Two Boeing 747 aircrafts collided on the runway in Tenerife, Spain in 1977. It was the worst air crash in history, killing 583 people.
Italy elected Silvio Berlusconi in 1994. He was famous for his many scandals.
The US Food and Drug Administration approved Viagra in 1998. The pill has made tens of billions in revenue since its debut.
Deaths: Syed Ahmad Khan, 1898, Indian educator and politician; Yuri Gagarin, 1968, Russian pilot and astronaut; MC Escher, 1972, Dutch illustrator; Billy Wilder, 2002, Austrian-born American director; Rudolf Vrba, 2006, Slovak-born Canadian biochemist and Holocaust survivor.
28 March
Henri Fabre’s invention the floatplane became the first to take off from water under its own power in 1910.
Greek poet Giorgos Seferis spoke out against his country’s military junta on the BBC World Service in 1969.
A nuclear power plant on Three Mile Island in the United States experienced a partial meltdown and radioactive leak. It was the worst commercial nuclear accident in the US.
African-American athlete Jesse Owens received the congressional gold medal in 1990. Owens was famous for his performance in the 1936 Summer Olympics, which took place in Berlin under Hitler’s Nazi regime.
Deaths: Ivan the Terrible, 1584, Russian Tsar; Virginia Woolf, 1941, English author and critic; Sergei Rachmaninoff, 1943, Russian pianist, composer and conductor; Dwight D Eisenhower, 1969, 34th president of the United States; Peter Ustinov, 2004, English actor, director, producer and screenwriter.
29 March
Serial killer Charles Manson was sentenced to death in 1971. The sentence was never carried out because California abolished the death penalty in 1972. Manson died in prison in 2017.
A group of local farmers found a collection of 8,000 soldier sculptures known as the Terracotta Army in 1974. The sculptures depicted Chinese emperor Qin Shi Huang’s soldiers.
Ireland became the first country to ban smoking in all workplaces in 2004.

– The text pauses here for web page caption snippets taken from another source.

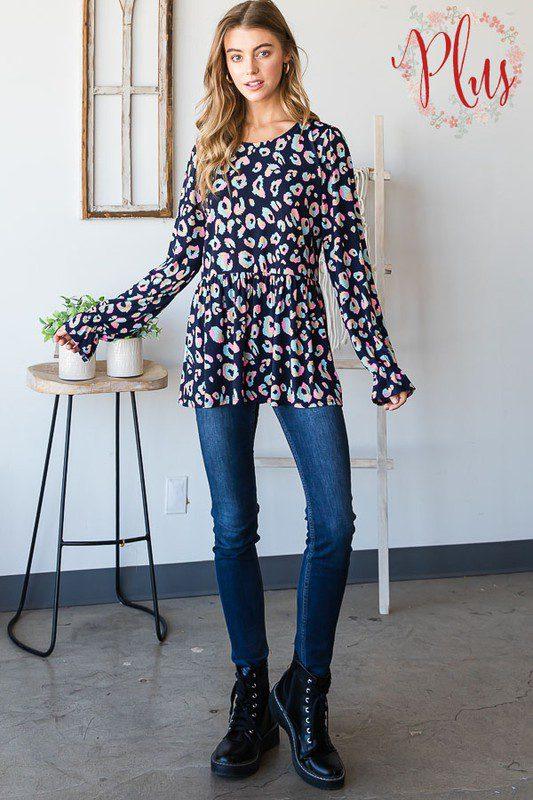 Image: Mulit Color Animal Print Top Navy | Southern Sassy Boutique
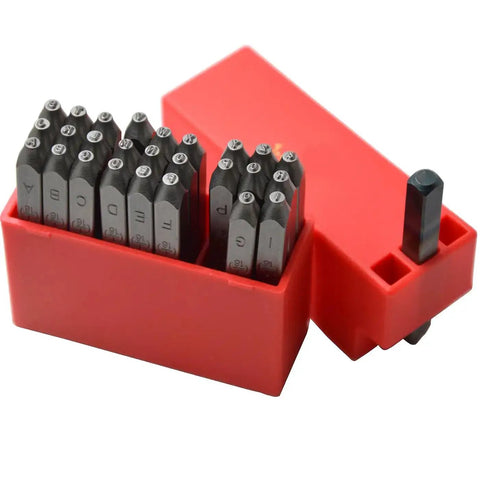 Beefy Heavy Duty Steel Stamp Set 36 Piece Uppercase Letters And Numbers 1 Sixteenth Inch 1.5mm Hand Stamping Kit in red case
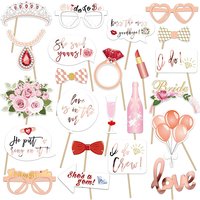 23Pcs Team Bride to Be Paper Photo Booth Props Mask Photo booth Bachelorette Hen Party Bridal Shower Wedding Decoration Supplies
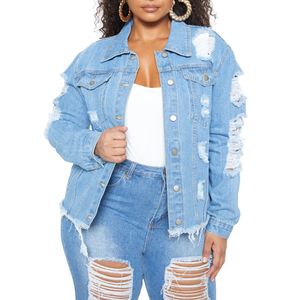 Veste en jean délavée à boutons, taille plus, style vintage, coupe extensible confortable et design déchiré tendance - Product Image 1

Forty people in Moscow died in an attack by two Chechen female suicide bombers in 2010. The bombs were detonated in the Moscow underground.
Deaths: Emanuel Swedenborg, 1772, Swedish scientist; Charles-Valentin Alkan, 1888, French composer; Robert Falcon Scott, 1912, English navy officer and explorer; Charles Villiers Stanford, 1924, Irish composer; Walter Hallstein, 1982, first president of the European Commission.
30 March
Russia signed the Treaty of Paris with France, Great Britain, Sardinia-Piedmont and Turkey in 1856, ending the Crimean War.

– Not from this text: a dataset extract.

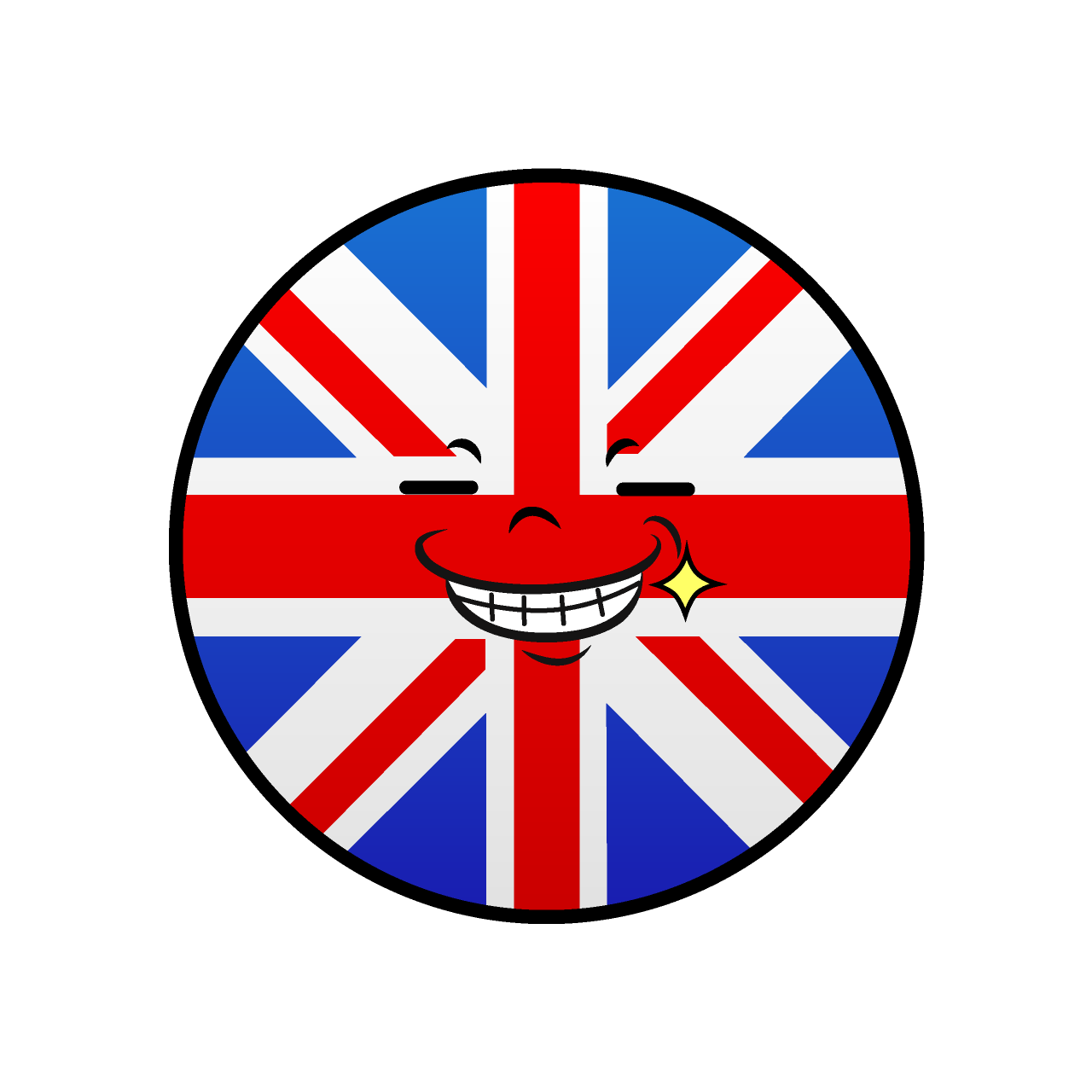 ニヤリと笑うイギリス国旗（丸型）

The United States bought Alaska from Russia in 1867. It cost $7.2m.
The popular American television programme Jeopardy! was broadcast for the first time in 1964. It is still on the air today.
John Hinckley Jr shot US president Ronald Reagan in 1981. Reagan survived the assassination attempt and was president until 1989.

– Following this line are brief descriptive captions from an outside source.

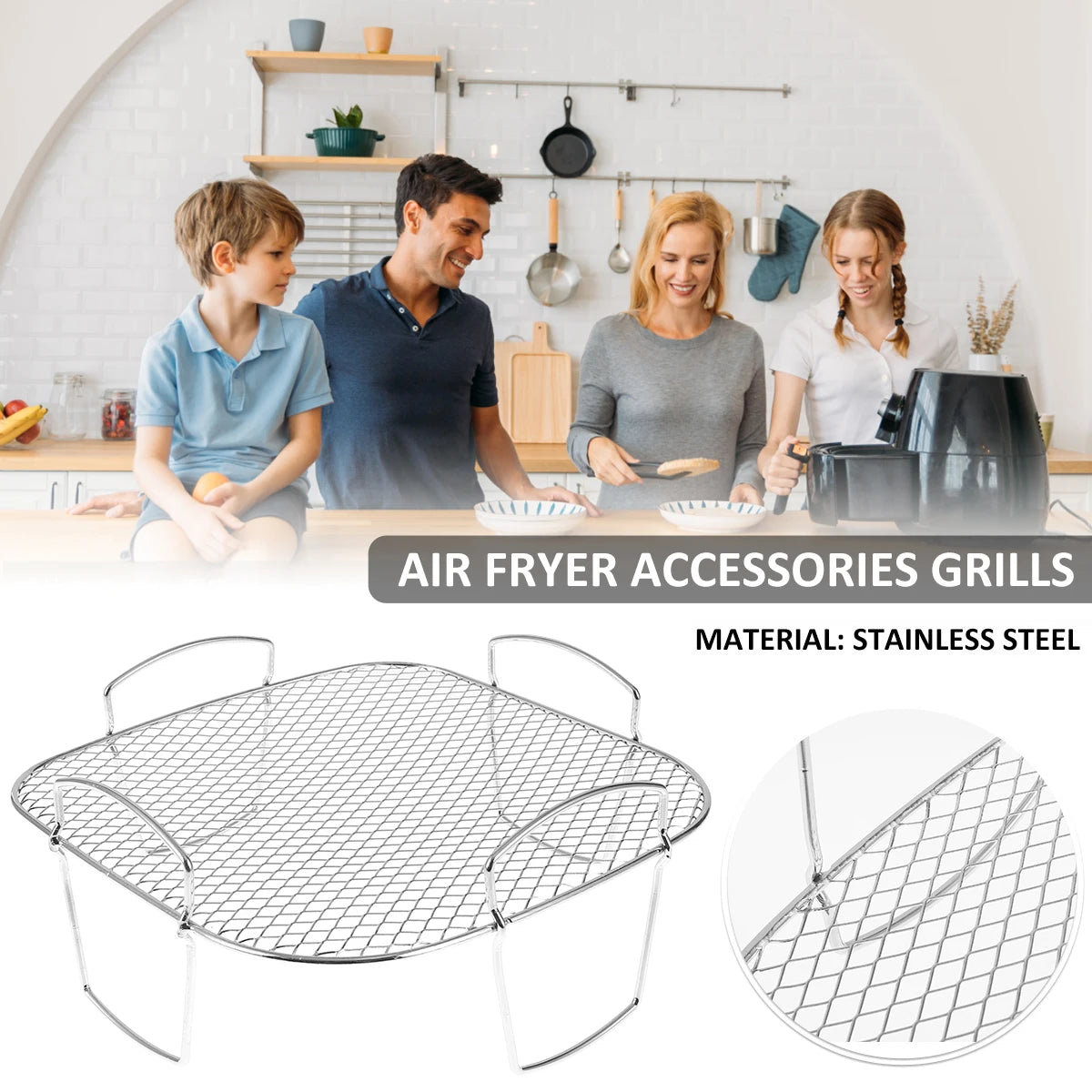 Stainless Steel Air Fryer Rack – Multi-Layer Stackable Grilling, Toast, BBQ Basket & Cooking Tray Accessory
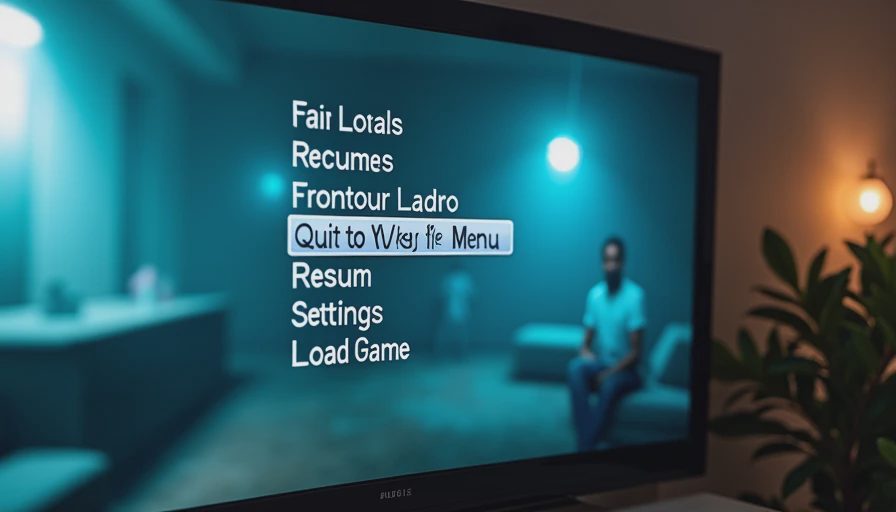The pause menu moment — deciding to quit A close-up of a TV screen showing a game pause menu with the Quit to Main Menu option highlighted, symbolizing the moment of deciding to stop playing.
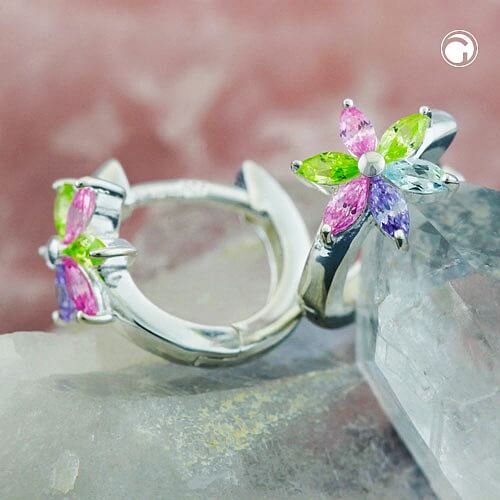 Creole Ohrringe 13x1.7mm Klappscharnier Blüte farbige Zirkonias glänzend 925 Silber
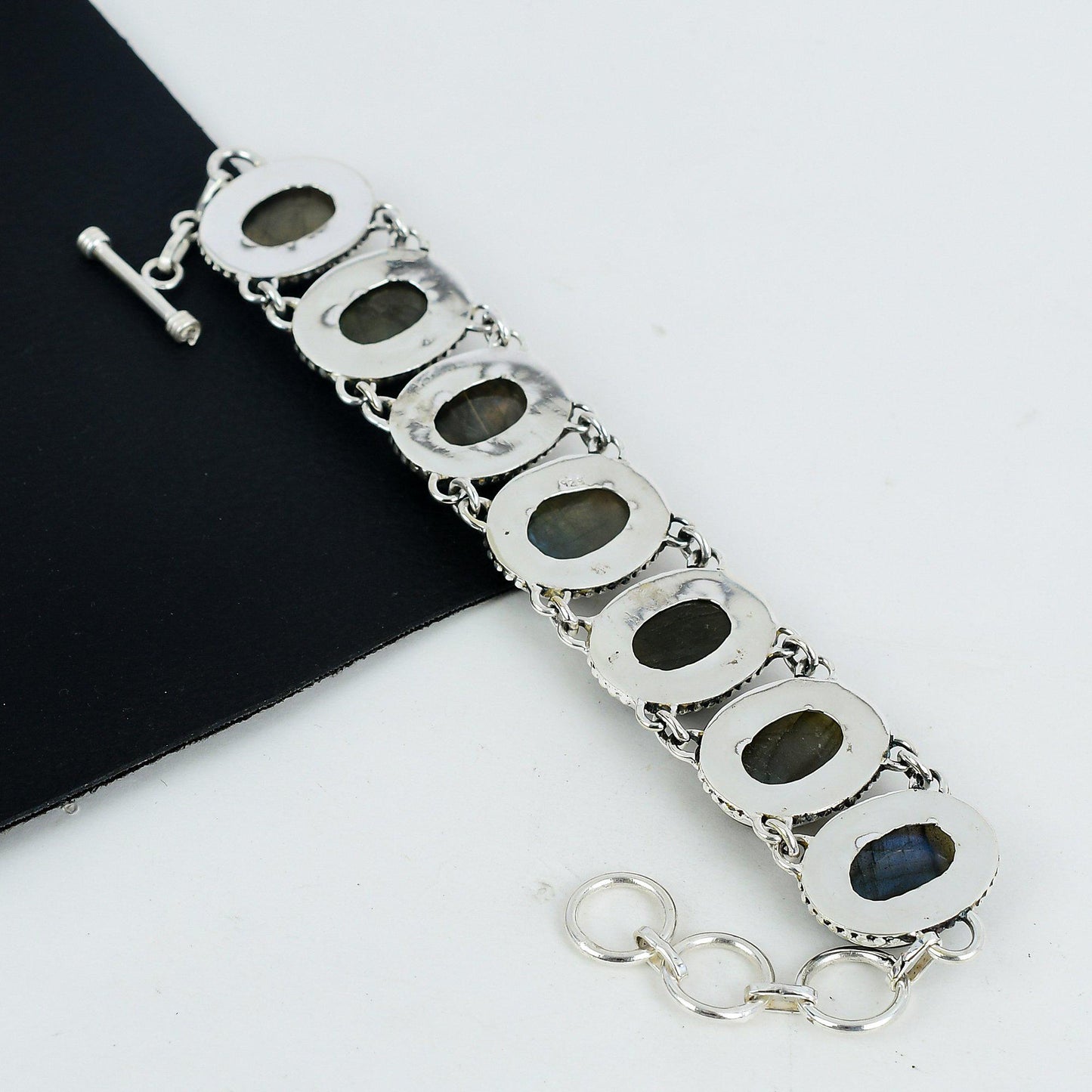 Blue Flash Labradorite Sterling Silver Bracelet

Deaths: Karl May, 1912, German author; Rudolf Steiner, 1925, Austrian philosopher and educator; Karl Rahner, 1984, German theologian; James Cagney, 1986, American actor; Queen Elizabeth the Queen Mother, 2002.
31 March
French engineer Alexandre Gustave Eiffel opened his famous Eiffel Tower in 1889. It remains the most recognisable landmark in Paris.
The first WrestleMania event was held in New York City in 1985. It is the world’s most important wrestling meeting and the biggest event organised by World Wrestling Entertainment.
The Matrix was released in 1999. The science-fiction movie left a lasting impression on action filmmaking.
Deaths: Philip III of Spain, 1621; John C Calhoun, 1850, seventh vice president of the United States; Meena Kumari, 1972, Indian actor; Jesse Owens, 1980, American sprinter; Charles Keating, 2014, American lawyer and businessman.